### TASK STATEMENT
Could you copy, exactly as written, every line from the first line of the records through the one containing "Oil/Chemical tanker for sale"?

### INFORMATION SUPPLIED
*** Begin section ***

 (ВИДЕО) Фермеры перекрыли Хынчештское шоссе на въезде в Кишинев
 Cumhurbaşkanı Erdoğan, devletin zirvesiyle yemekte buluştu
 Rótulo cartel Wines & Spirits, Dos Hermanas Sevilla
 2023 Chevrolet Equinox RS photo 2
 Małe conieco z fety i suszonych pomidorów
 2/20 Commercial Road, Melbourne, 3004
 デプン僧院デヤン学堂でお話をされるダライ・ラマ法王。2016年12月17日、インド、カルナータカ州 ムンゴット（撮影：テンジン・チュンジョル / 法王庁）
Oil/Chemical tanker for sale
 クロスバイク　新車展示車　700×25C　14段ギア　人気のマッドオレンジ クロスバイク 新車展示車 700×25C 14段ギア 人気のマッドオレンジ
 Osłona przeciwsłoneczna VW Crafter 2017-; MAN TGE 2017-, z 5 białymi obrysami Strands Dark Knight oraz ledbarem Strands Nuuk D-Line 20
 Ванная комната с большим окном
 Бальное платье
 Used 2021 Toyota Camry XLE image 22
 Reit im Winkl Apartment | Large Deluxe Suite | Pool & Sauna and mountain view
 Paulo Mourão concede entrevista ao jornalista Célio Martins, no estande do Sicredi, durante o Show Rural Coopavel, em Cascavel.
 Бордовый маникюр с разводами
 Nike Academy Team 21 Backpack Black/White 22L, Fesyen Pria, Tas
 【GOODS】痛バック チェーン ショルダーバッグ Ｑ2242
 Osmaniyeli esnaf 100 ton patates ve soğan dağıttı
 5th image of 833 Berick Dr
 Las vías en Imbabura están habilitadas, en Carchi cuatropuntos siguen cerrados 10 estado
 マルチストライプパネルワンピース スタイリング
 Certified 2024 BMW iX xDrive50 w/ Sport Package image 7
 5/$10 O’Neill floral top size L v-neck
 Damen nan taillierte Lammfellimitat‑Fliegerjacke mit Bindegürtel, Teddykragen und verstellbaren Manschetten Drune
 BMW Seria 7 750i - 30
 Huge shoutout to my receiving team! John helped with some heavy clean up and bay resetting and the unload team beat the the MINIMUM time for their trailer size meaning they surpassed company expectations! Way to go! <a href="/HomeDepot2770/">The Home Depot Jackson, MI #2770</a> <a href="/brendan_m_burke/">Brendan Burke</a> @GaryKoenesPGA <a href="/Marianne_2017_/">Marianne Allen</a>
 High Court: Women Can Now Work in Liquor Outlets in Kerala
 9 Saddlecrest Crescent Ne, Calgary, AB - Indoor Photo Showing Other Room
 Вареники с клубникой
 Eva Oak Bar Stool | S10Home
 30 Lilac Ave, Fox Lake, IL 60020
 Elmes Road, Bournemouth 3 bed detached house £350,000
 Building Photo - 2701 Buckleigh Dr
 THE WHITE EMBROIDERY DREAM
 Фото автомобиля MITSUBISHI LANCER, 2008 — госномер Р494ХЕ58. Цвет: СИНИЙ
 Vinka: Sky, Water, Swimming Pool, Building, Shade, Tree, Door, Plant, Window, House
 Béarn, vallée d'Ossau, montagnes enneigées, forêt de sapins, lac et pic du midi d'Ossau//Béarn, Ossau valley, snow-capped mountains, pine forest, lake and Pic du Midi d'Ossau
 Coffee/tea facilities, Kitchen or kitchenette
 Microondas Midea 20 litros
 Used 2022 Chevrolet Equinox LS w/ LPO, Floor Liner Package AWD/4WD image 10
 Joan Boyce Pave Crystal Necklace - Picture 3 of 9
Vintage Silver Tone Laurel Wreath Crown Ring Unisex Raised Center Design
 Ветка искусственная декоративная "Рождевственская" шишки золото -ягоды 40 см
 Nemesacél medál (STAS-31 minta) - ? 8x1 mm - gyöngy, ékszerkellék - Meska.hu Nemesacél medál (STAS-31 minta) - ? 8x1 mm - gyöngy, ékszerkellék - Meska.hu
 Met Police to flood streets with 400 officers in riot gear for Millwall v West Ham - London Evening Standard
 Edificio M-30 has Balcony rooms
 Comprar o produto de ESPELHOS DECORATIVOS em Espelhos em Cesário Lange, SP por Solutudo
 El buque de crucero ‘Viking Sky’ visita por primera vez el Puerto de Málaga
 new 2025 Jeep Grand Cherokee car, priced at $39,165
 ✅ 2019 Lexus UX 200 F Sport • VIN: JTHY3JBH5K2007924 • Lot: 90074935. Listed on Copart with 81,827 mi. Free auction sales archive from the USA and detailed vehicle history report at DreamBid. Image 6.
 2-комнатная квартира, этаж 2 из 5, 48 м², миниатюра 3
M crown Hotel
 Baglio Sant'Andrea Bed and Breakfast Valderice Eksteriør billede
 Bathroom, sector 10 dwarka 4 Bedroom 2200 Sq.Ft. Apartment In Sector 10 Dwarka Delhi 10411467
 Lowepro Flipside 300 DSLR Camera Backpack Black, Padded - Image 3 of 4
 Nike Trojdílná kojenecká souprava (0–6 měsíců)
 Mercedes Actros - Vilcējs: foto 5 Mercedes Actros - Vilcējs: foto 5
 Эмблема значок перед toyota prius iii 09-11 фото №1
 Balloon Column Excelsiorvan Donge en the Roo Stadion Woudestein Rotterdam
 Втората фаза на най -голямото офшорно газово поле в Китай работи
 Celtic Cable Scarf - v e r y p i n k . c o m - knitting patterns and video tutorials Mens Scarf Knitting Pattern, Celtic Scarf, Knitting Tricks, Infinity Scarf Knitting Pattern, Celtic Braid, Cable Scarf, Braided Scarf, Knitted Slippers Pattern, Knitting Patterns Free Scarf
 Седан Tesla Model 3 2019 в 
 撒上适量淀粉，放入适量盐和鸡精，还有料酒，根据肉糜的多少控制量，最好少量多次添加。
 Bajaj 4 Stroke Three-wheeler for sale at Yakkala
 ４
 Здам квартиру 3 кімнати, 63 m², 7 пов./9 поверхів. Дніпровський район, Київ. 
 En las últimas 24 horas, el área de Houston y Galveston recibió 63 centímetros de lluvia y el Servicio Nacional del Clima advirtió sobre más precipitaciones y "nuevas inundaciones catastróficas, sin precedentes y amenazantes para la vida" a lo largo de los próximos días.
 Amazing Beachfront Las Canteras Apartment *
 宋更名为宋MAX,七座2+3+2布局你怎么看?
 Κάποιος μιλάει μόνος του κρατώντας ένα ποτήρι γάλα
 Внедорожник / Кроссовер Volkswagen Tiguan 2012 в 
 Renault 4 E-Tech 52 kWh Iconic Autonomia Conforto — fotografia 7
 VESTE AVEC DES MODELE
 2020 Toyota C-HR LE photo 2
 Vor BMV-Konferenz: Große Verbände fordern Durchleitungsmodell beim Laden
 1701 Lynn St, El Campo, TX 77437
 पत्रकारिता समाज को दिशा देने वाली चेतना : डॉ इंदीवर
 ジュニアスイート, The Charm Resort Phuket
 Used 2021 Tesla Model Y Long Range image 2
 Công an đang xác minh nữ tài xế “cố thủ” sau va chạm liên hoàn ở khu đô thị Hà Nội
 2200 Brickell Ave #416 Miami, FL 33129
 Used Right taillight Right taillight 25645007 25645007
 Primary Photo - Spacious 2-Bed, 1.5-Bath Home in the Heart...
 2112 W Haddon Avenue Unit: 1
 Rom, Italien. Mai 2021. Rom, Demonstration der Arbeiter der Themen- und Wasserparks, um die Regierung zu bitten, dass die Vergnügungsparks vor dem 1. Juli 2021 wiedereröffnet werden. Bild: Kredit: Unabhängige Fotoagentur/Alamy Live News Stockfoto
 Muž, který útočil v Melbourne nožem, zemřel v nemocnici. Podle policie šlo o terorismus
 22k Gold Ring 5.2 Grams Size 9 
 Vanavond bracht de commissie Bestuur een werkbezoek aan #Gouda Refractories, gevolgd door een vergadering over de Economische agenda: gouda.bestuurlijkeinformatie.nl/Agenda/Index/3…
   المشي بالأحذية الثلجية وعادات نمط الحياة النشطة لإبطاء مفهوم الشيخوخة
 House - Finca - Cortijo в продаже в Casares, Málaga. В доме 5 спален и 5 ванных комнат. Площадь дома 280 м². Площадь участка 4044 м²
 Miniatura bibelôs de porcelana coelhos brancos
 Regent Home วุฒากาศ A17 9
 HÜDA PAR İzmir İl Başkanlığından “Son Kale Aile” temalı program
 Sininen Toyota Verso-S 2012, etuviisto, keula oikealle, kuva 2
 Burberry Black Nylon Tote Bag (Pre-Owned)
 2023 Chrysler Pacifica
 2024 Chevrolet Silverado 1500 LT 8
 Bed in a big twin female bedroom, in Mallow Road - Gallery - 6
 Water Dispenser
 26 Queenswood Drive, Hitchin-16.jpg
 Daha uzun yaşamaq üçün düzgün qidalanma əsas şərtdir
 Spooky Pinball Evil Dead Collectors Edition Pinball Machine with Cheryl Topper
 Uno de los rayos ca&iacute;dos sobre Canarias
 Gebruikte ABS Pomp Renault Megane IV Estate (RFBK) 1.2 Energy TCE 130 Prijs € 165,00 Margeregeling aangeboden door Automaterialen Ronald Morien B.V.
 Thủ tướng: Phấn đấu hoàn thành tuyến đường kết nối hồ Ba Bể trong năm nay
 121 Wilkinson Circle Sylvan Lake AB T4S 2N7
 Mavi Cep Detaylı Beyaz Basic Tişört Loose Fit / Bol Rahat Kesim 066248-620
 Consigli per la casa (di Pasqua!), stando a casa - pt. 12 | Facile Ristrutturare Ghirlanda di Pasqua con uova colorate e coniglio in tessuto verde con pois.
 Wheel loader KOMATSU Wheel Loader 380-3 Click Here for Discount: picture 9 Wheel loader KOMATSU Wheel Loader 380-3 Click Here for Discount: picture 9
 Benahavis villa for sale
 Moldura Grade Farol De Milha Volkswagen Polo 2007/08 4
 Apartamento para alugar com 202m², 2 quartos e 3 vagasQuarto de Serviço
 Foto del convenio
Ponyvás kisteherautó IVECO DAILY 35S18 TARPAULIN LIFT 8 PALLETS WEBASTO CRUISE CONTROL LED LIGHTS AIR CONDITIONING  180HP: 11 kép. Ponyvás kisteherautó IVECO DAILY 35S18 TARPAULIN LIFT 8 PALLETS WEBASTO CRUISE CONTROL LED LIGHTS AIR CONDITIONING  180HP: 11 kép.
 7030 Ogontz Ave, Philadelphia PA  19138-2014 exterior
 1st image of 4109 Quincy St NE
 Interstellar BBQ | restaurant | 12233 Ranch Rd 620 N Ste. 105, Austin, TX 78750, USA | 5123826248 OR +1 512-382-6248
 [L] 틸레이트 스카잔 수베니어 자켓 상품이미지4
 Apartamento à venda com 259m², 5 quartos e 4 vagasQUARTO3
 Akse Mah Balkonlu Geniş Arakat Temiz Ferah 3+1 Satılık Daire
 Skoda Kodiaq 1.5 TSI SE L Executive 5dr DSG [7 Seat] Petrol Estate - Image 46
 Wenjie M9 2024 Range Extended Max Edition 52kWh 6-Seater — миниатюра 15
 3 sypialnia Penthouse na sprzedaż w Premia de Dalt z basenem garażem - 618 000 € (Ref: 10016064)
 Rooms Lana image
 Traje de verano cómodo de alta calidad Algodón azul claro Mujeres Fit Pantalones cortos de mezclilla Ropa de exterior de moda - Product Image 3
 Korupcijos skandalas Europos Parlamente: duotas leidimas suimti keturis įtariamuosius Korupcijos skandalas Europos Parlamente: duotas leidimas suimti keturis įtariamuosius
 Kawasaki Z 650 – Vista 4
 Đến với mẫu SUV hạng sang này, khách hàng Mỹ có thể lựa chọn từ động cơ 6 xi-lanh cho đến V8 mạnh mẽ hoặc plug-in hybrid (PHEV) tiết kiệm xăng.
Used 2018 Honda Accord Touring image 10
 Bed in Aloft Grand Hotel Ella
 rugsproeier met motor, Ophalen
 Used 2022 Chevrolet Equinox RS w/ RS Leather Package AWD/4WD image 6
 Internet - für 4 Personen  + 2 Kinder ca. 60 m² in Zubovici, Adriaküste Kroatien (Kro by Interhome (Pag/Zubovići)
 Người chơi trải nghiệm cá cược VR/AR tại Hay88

*** End section ***

### REPLY TO THE EXERCISE
 (ВИДЕО) Фермеры перекрыли Хынчештское шоссе на въезде в Кишинев
 Cumhurbaşkanı Erdoğan, devletin zirvesiyle yemekte buluştu
 Rótulo cartel Wines & Spirits, Dos Hermanas Sevilla
 2023 Chevrolet Equinox RS photo 2
 Małe conieco z fety i suszonych pomidorów
 2/20 Commercial Road, Melbourne, 3004
 デプン僧院デヤン学堂でお話をされるダライ・ラマ法王。2016年12月17日、インド、カルナータカ州 ムンゴット（撮影：テンジン・チュンジョル / 法王庁）
Oil/Chemical tanker for sale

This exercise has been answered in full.